Hi @sebgamby, This is already possible. Please see the Advanced startup section in the readme. You can set two environment variables to control the ports used by ntlm-proxy, start the ntlm-proxy and then start cypress-ntlm. It will then use the existing ntlm-proxy instead of starting its own. Remember to shut down the ntlm-proxy when done so your machine doesn't get swarmed with ntlm-proxy instances over time.

sebgamby commented 1 year ago

I was already aware of those environment variables. I have made a test with the following in a Powershell prompt on Windows 10: $env:CYPRESS_NTLM_AUTH_API="http://127.0.0.1:57614" $env:CYPRESS_NTLM_AUTH_PROXY="http://127.0.0.1:57615" $env:NO_PROXY="<-loopback>,localhost:1080,localhost:1025,localhost:44328,localhost:57614,localhost:57615" Then I execute "npx cypress-ntlm open" and I get "An error occurred while communicating with NTLM proxy: connect ECONNREFUSED 127.0.0.1:61805"

Now I execute "npx ntlm-proxy" in a separate Powershell prompt, write-down the reserved ports, go back to the initial prompt, adapt the variables based on written down values, and re-run "npx cypress-nltm" then it works this time.

My issue is that I cannot instruct ntlm-proxy to use specific ports. I have tried setting the environment variables CYPRESS_NTLM_AUTH_API and CYPRESS_NTLM_AUTH_PROXY in its dedicated Powershell prompt but they are ignored and on each new execution, new ports are reserved. I would need ntlm-proxy to reserve the ports I have selected instead of random ones.

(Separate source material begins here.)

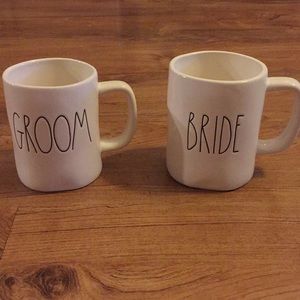 RAE DUNN Bride & Groom Mug Set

bjowes commented 1 year ago

Ok, thanks for clarifying. Indeed the ntlm-proxy should respect those environment variables. I'll investigate.

On Tue, Sep 6, 2022 at 12:12 PM sebgamby @.***> wrote:

I was already aware of those environment variables. I have made a test with the following in a Powershell prompt on Windows 10: $env:CYPRESS_NTLM_AUTH_API="http://127.0.0.1:57614" $env:CYPRESS_NTLM_AUTH_PROXY="http://127.0.0.1:57615"

$env:NO_PROXY="<-loopback>,localhost:1080,localhost:1025,localhost:44328,localhost:57614,localhost:57615" Then I execute "npx cypress-ntlm open" and I get "An error occurred while communicating with NTLM proxy: connect ECONNREFUSED 127.0.0.1:61805"

Now I execute "npx ntlm-proxy" in a separate Powershell prompt, write-down the reserved ports, go back to the initial prompt, adapt the variables based on written down values, and re-run "npx cypress-nltm" then it works this time.

My issue is that I cannot instruct ntlm-proxy to use specific ports. I have tried setting the environment variables CYPRESS_NTLM_AUTH_API and CYPRESS_NTLM_AUTH_PROXY in its dedicated Powershell prompt but they are ignored and on each new execution, new ports are reserved. I would need ntlm-proxy to reserve the ports I have selected instead of random ones.

— Reply to this email directly, view it on GitHub https://github.com/bjowes/cypress-ntlm-auth/issues/208#issuecomment-1237948326, or unsubscribe https://github.com/notifications/unsubscribe-auth/ABCHR3B5QNLLJ5CG7AEBW6DV44KJNANCNFSM6AAAAAAQFS2YMA . You are receiving this because you commented.Message ID: @.***>

sebgamby commented 1 year ago

Thanks in advance. For information, I am version 4.0.2 of cypress-ntlm-auth and version 9.4.1 of Cypress. Let me know if you need extra information.

bjowes commented 1 year ago

Please try version 4.0.3

sebgamby commented 1 year ago

I have just tested and it works. Thank you for the very fast resolution.